Longgarkan Kebijakan Nol-COVID, Ekonomi China Bakal Ngegas Lagi

Longgarkan Kebijakan Nol-COVID, Ekonomi China Bakal Ngegas Lagi

Ilyas Fadilah - detikFinance
Jumat, 16 Des 2022 09:35 WIB
BEIJING, CHINA - NOVEMBER 30: Residents wear masks to prevent the spread of COVID-19 as they wait in a long line for nucleic acid tests at a public testing site near an area where communities are in lockdown on November 30, 2022 in Beijing, China. In recent days, China has been recording its highest number of COVID-19 cases since the pandemic began, as authorities are sticking to their strict zero tolerance approach to containing the virus with lockdowns, mandatory testing, mask mandates, and quarantines as it struggles to contain outbreaks.In an effort to try to bring rising cases under control, the government last week closed most stores and restaurants for inside dining, switched schools to online studies, and told people to work from home among other measures. (Photo by Kevin Frayer/Getty Images)
Foto: Getty Images/Kevin Frayer
Jakarta -

Berakhirnya pembatasan COVID-19 di China diprediksi akan memulihkan ekonomi negara tersebut. China akan belajar untuk hidup berdampingan dengan virus, di mana pada November aktivitas bisnis sempat anjlok.

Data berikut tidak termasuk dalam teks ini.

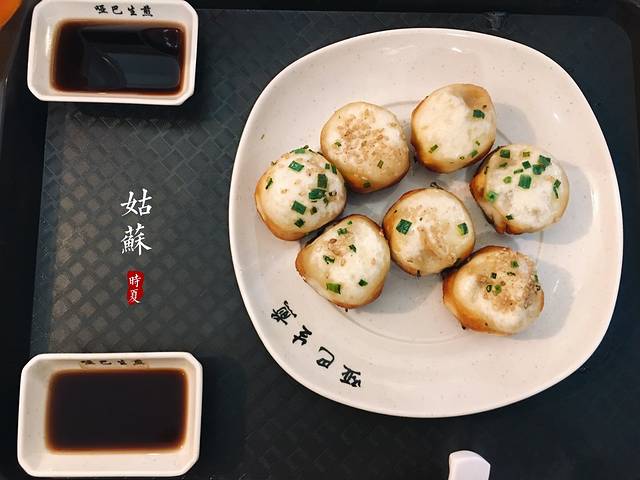 哑巴生煎(临顿路店)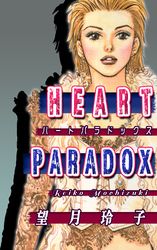 HEART PARADOX～ハート・パラドックス～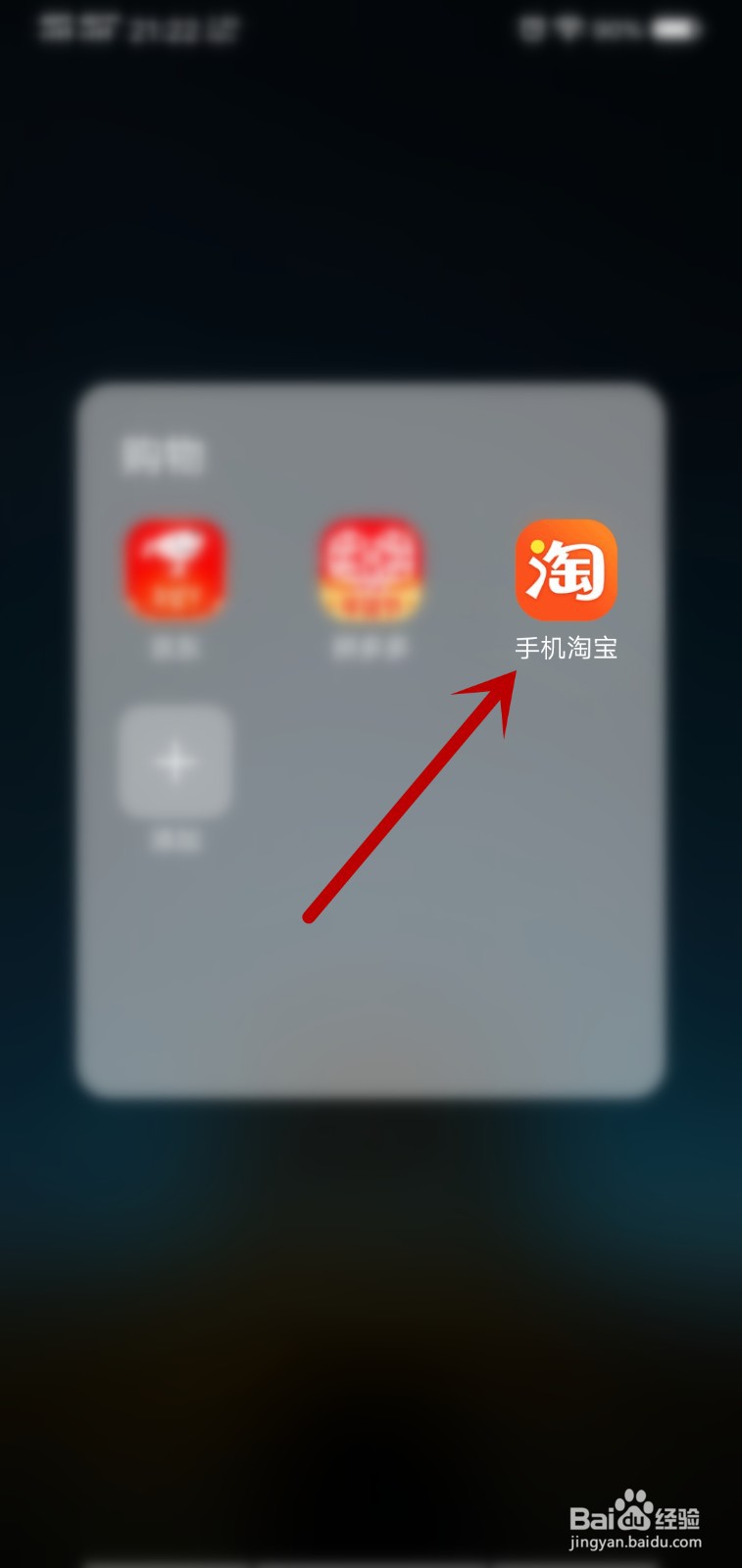 怎么查看淘宝会员名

Menurut Biro Statistik Nasional, penjualan ritel turun 5,9% bulan lalu dibanding tahun lalu. Itu menjadi kontraksi terburuk dalam belanja ritel sejak Mei, ketika lockdown memukul perekonomian.

Produksi industri hanya meningkat 2,2% di bulan November, kurang dari setengah pertumbuhan di Oktober. Investasi di sektor properti, yang menyumbang sebanyak 30% dari PDB China, anjlok 9,8% dalam 11 bulan pertama tahun ini. Penjualan properti juga anjlok lebih dari 26%.

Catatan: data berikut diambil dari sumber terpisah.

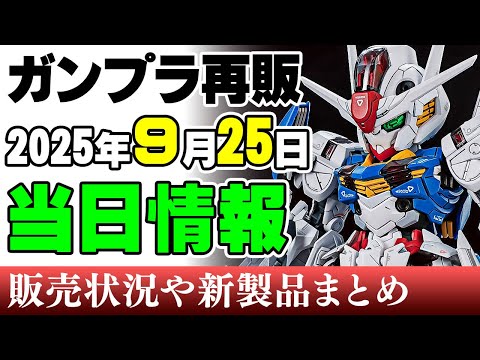 2025年9月のガンプラ再販情報｜注目アイテムと販売予測 サムネイル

SCROLL TO CONTINUE WITH CONTENT

Melansir dari CNN, Jumat (16/12/2022), isu pengangguran ikut memburuk, naik menjadi 5,7% bulan lalu atau menyentuh level tertinggi dalam enam bulan.

Kemerosotan ekonomi November terjadi sebelum Beijing membatalkan pembatasan pandemi yang represif awal bulan ini. Para pemimpin memberi isyarat pada pertemuan politik utama minggu lalu bahwa mereka akan mengalihkan fokus kembali ke pertumbuhan dan mencari perputaran ekonomi tahun depan.

ADVERTISEMENT

"Data November seharusnya menjadi gelombang terakhir yang dirusak oleh kebijakan nol-COVID-19," tulis Wei Yao dan Michelle Lam, ekonom Societe Generale.

Namun masih ada risiko gangguan rantai pasokan dan berkurangnya permintaan karena wabah COVID-19 melanda populasi dengan kekebalan terbatas, kata mereka.

Pertumbuhan ekonomi diprediksi merosot antara 2,8% dan 3,2% tahun ini, salah satu level terendah sejak 1976, ketika kematian mantan pemimpin Mao Zedong mengakhiri satu dekade kekacauan sosial dan ekonomi.

Pada hari Rabu, dua badan penguasa tertinggi negara itu, Komite Sentral Partai Komunis dan Dewan Negara, mengeluarkan rencana strategis untuk memperluas permintaan domestik dan mendorong konsumsi dan investasi hingga tahun 2035.

Banyak bank investasi sejak itu menjadi lebih optimis tentang prospek China. Goldman Sachs meningkatkan perkiraan pertumbuhan 2023 menjadi 5,2% dari 4,5% pada hari Kamis.

Pihaknya memperkirakan konsumsi dan layanan akan meningkat pada akhirnya. Societe Generale merevisi perkiraan pertumbuhan 2023 menjadi 5,3%, sementara Morgan Stanley meningkatkan perkiraannya menjadi 5,4%.

Semuanya mengutip kecepatan pembukaan kembali lockdown yang lebih cepat dan melanjutkan langkah-langkah stimulus dari Beijing. Penurunan ekonomi November adalah alasan utama bagi Beijing untuk berbalik arah, kata mereka.

"Ekonomi yang anjlok kemungkinan menjadi salah satu faktor di balik poros kebijakan di nol-COVID-19 dan properti," kata Larry Hu, kepala ekonom China di Macquarie Group.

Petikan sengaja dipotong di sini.